À l’horizon 2025, le château de Hohenzollern s’apprête à connaître une évolution majeure. Berceau historique de la dynastie prussienne, cette forteresse emblématique deviendra la propriété exclusive du prince George Friedrich de Prusse, consacrant l’unité patrimoniale d’un lieu au cœur de l’histoire européenne.
C’est une page discrète mais hautement symbolique de l’histoire dynastique allemande qui s’écrit au sommet du Jura souabe. À compter du 31 décembre 2025, le château de Hohenzollern, berceau millénaire de l’une des plus grandes dynasties européennes, deviendra la propriété exclusive du prince George Friedrich de Prusse, 49 ans, chef de la maison royale prussienne et prétendant au trône impérial d’Allemagne.
Une annonce qui a été publiée sur le site officiel de la Maison de Hohenzollern.

Une transmission patrimoniale empreinte d’histoire
Jusqu’alors détenu conjointement par les deux branches de la Maison royale de Prusse, les Hohenzollern et les Hohenzollern-Sigmaringen, l’édifice surplombe la Souabe à une altitude de 855 mètres. Ayant connu différents soubresauts à travers les siècles, plusieurs fois détruit, il a été reconstruit au milieu du XIXᵉ siècle sur l’initiative conjointe des deux lignées. Le prince Karl Friedrich von Hohenzollern, 73 ans, chef de la maison de Hohenzollern (depuis), a choisi de transférer à son cousin le tiers de propriété qu’il détenait encore dans un esprit de concorde familiale.
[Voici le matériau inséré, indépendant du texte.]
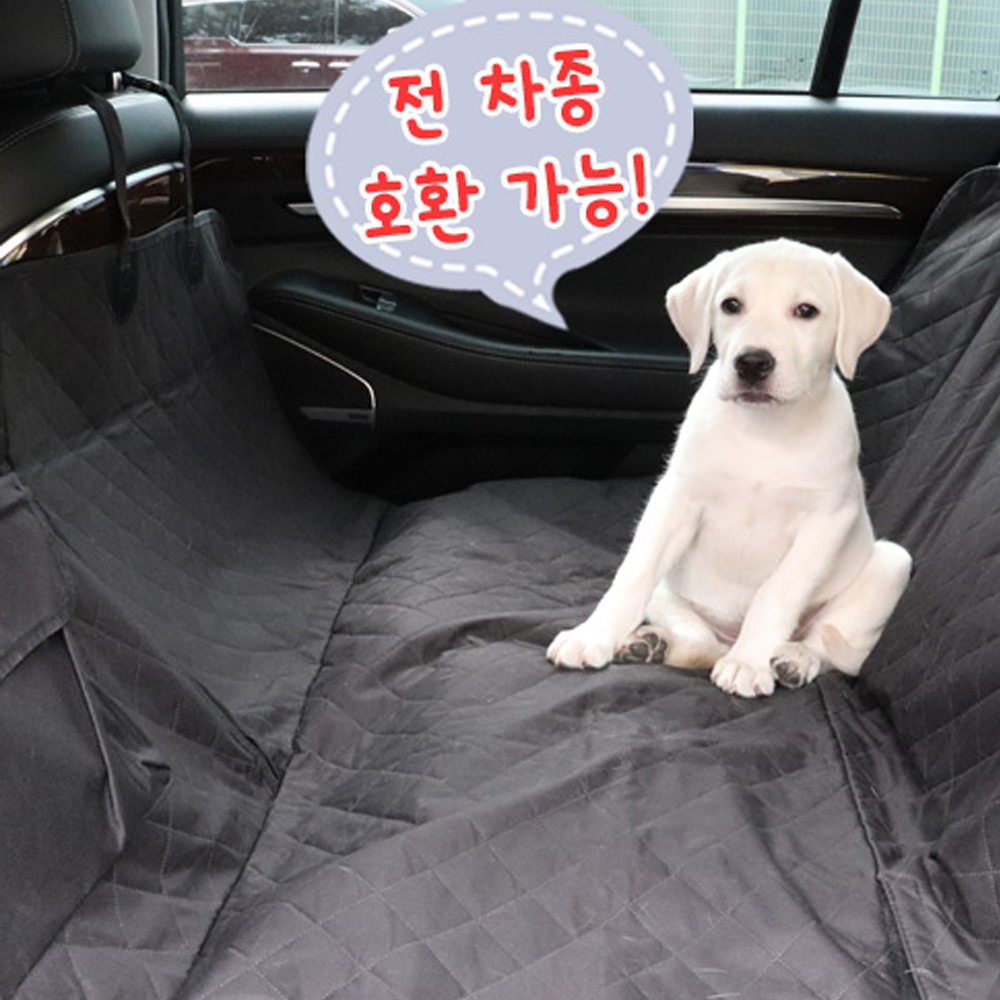 개과천선 뒷좌석 강아지 카시트 자동차 애견 카시트 차량용 차시트 중형견 대형견 반려견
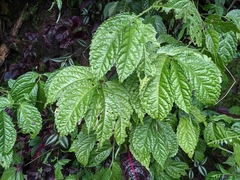 Elatostema oblongifolium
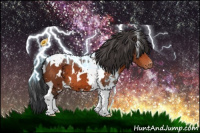 Horse Color:White Spotted Bay Tobiano Appaloosa 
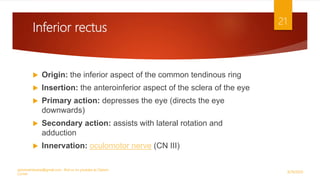 Inferior rectus
 Origin: the inferior aspect of the common tendinous ring
 Insertion: the anteroinferior aspect of the sclera of the eye
 Primary action: depresses the eye (directs the eye
downwards)
 Secondary action: assists with lateral rotation and
adduction
 Innervation: oculomotor nerve (CN III)
9/29/2020
optometristsania@gmail.com , find us on youtube as Optom
Corner
21
 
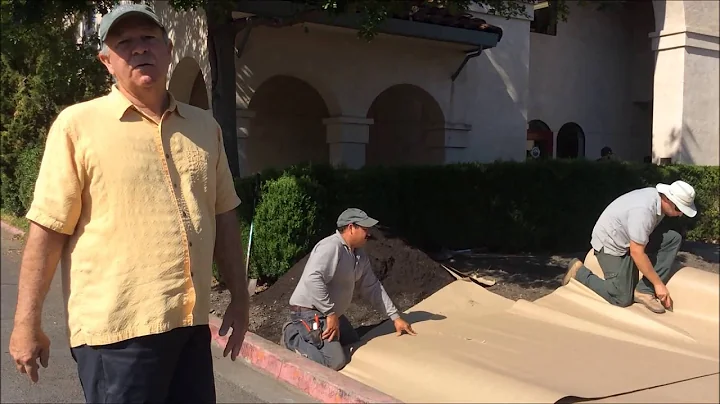 Sheet mulch demonstration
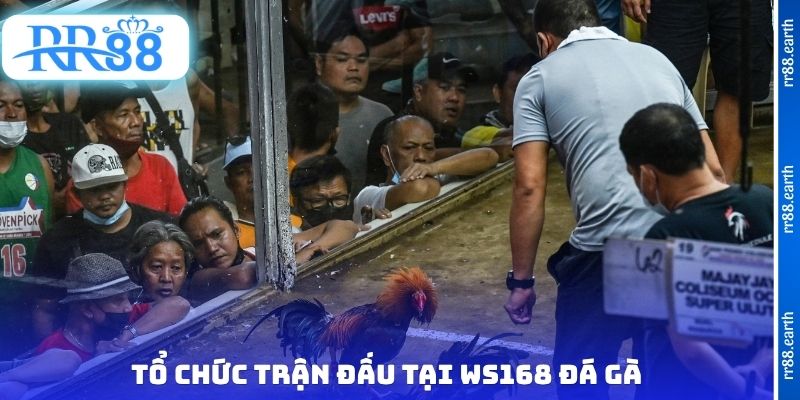 Tổ chức trận đấu tại WS168 đá gà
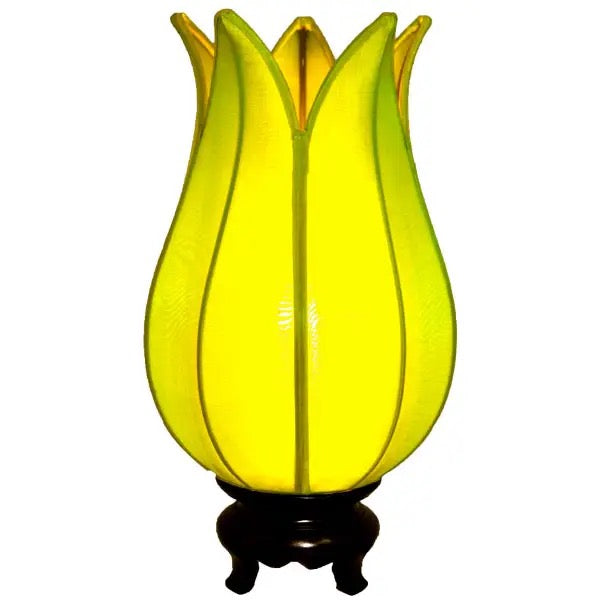 Lamp Tulip Flowering Green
« Je suis profondément reconnaissant à mon cousin pour son soutien et son dévouement total à notre nom de famille », confie le prince George Friedrich de Prusse, soulignant combien leur coopération fut déterminante pour la préservation et le développement du site. « Notre partenariat étroit a joué un rôle important dans la vie du château. Il se poursuivra encore dans de nombreux domaines. », assure t-il
De son côté, le prince Karl Friedrich évoque également aux médias « de nombreuses années de coopération constructive » et annonce son souhait de se consacrer désormais pleinement au château de Sigmaringen, autre joyau emblématique de la dynastie qui a été au centre d’un épisode tragique de la Seconde Guerre mondiale, avec l’accueil forcé des membres du gouvernement de Vichy et un certain nombre de collaborateurs français en 1944.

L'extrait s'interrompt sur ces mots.